**RECORDS**
....
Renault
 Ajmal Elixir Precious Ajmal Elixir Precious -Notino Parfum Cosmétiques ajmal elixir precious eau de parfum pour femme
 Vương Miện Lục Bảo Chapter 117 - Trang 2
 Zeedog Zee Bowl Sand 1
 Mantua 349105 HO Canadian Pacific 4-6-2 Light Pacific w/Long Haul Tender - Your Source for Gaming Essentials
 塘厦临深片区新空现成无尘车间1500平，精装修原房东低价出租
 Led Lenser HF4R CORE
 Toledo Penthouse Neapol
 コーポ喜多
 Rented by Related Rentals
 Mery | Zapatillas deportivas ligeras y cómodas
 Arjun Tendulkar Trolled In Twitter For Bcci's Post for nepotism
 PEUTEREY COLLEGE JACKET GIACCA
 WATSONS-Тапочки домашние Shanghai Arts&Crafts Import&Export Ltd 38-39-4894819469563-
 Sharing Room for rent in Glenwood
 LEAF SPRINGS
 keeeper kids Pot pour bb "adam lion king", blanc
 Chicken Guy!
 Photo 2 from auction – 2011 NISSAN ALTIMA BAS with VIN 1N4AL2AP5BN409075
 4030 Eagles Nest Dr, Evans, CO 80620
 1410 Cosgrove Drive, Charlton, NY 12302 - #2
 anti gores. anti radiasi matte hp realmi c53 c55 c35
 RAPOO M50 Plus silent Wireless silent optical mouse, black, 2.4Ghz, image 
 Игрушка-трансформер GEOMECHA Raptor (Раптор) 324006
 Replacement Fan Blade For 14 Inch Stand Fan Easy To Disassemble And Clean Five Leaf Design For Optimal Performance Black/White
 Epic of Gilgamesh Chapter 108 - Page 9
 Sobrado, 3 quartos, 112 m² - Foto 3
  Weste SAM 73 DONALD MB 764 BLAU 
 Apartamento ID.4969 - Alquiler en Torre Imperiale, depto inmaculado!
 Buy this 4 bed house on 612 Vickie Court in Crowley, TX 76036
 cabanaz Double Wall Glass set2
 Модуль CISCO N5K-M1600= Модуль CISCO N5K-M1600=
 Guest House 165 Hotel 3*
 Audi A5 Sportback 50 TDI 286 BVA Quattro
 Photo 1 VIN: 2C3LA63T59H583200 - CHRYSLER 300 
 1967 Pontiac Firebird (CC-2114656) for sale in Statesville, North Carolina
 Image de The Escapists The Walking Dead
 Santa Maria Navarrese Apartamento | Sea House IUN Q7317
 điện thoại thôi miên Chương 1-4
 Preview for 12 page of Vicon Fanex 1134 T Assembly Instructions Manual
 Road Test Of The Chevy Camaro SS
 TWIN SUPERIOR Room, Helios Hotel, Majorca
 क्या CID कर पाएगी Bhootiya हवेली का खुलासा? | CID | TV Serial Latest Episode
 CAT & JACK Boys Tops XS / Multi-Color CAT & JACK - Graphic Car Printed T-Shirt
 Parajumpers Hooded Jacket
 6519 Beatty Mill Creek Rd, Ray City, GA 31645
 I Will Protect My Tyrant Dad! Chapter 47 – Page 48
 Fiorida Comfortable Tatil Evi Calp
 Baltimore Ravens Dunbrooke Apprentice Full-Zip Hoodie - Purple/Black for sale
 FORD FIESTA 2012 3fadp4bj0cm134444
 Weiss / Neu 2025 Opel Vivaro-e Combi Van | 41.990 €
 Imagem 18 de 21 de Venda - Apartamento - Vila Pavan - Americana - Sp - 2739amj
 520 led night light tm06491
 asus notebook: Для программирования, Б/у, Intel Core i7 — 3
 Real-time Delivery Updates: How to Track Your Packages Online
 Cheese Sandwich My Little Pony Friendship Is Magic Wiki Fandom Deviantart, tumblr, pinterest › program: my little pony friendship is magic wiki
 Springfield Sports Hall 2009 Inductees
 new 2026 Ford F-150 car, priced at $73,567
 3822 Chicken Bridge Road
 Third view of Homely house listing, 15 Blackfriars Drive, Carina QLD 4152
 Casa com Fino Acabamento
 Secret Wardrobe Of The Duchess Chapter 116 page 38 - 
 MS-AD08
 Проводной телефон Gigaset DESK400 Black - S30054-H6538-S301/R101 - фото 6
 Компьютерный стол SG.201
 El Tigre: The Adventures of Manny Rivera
....
Would you copy, word for word, only the lines from the start of the listing to the one that contains "Zeedog Zee Bowl Sand 1", both included?

Renault
 Ajmal Elixir Precious Ajmal Elixir Precious -Notino Parfum Cosmétiques ajmal elixir precious eau de parfum pour femme
 Vương Miện Lục Bảo Chapter 117 - Trang 2
 Zeedog Zee Bowl Sand 1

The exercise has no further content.